During the development of the candidate item pool, steps were taken to ensure that the universe of potential pain behaviors was properly sampled. This was accomplished by attending to the following questions: a) Do these items measure the construct of interest, pain behaviors? and, b) What content, if any, is missing; that is, are there subdomains of pain behaviors that are not represented in this item pool? The final set of items for the PaB-SR, however, only included 20 of the original 46 candidate items. To ensure that this smaller set of items retained content validity, we circulated the surviving 20 items along with the 46 excluded items. Study team investigators reviewed the items to determine if, in their opinion, the domain content was adequately represented in the retained items or if there were items they wished to nominate for re-introduction into the measure.

Linking PaB-SR Scores to the PROMIS T-Score Metric

When using an IRT model, scores from one measure can be linked to the metric of another if you have a sample in which there is overlap between items of each measure. The overlapping items, called “linking items”, serve as a mathematical bridge between measures. There were seven items among the retained PaB-SR items that had the same item stem as a PROMIS Pain Behavior item. We tested these items for measurement invariance with respect to the PROMIS calibration sample and Sample A of the current study. Measurement invariance exists if items measure similarly across two or more subgroups. This is an important property for pain measures that are used to compare pain level across different clinical or other subgroups because it allows the distinction between: a) real differences in diagnostic groups and b) apparent differences that are due to something other than actual differences in persons’ levels of pain behavior.

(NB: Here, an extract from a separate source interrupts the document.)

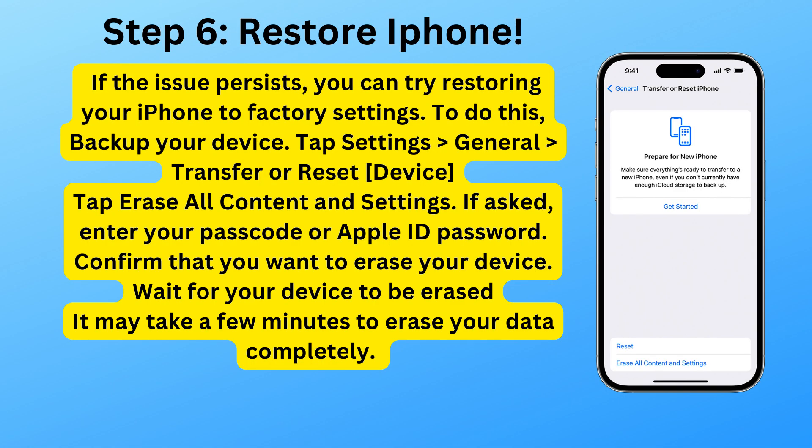Step 6: Restore iPhone. If the issue persists, you can try restoring your iPhone to factory settings. To do this, backup your device, then tap Settings, General, Transfer or Reset Device, and tap Erase All Content and Settings. If asked, enter your passcode or Apple ID password, then confirm that you want to erase your device. Wait for your device to be erased — it may take a few minutes to erase your data completely.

We tested measurement invariance at the item response level by testing for differential item function (DIF). DIF occurs when subgroups of people, who have the same level of the trait being measured, respond differently to the items based on their subgroup classification. A subgroup of persons who have MS and a subgroup of persons with back pain, both having the same level of pain behaviors, should answer the pain behavior items the same. Note that this does not mean that different subgroups would have the same or even similar levels of the trait being measured, only that the items would function similarly in different groups. Another way to say this is, the level of pain behaviors should drive responses, not subgroup membership. In the current study, we tested for DIF using the software, LORDIF. [7] LORDIF uses an ordinal logistic framework. We used a criterion of beta change >0.1 as indicating meaningful DIF. Only items that did not exhibit meaningful DIF across samples were used for linking the items to a common metric.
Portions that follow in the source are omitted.